# Given information
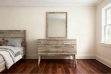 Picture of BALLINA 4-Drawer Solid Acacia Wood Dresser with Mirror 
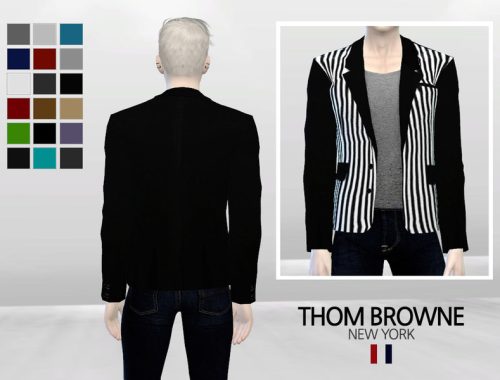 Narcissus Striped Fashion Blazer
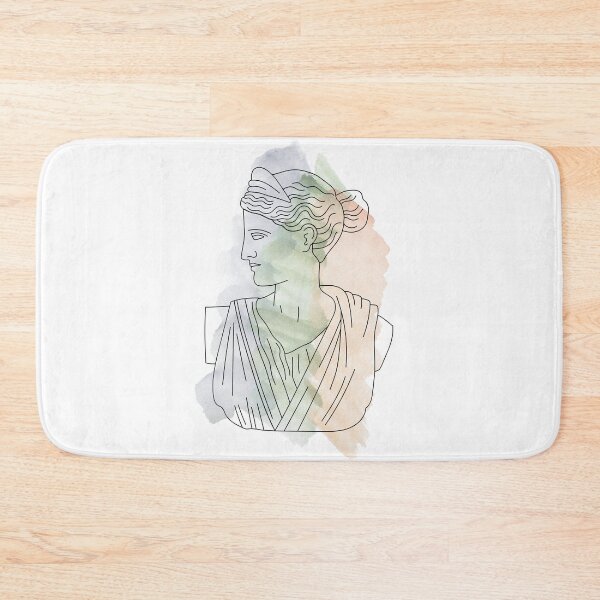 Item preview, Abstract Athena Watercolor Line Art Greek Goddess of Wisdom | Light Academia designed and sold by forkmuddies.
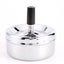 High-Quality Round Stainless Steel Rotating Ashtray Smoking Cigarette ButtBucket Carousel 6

# Work item
Would you please set down the listing above exactly, minus its images?

# Answer box
 Picture of BALLINA 4-Drawer Solid Acacia Wood Dresser with Mirror 
 Narcissus Striped Fashion Blazer
 Item preview, Abstract Athena Watercolor Line Art Greek Goddess of Wisdom | Light Academia designed and sold by forkmuddies.
 High-Quality Round Stainless Steel Rotating Ashtray Smoking Cigarette ButtBucket Carousel 6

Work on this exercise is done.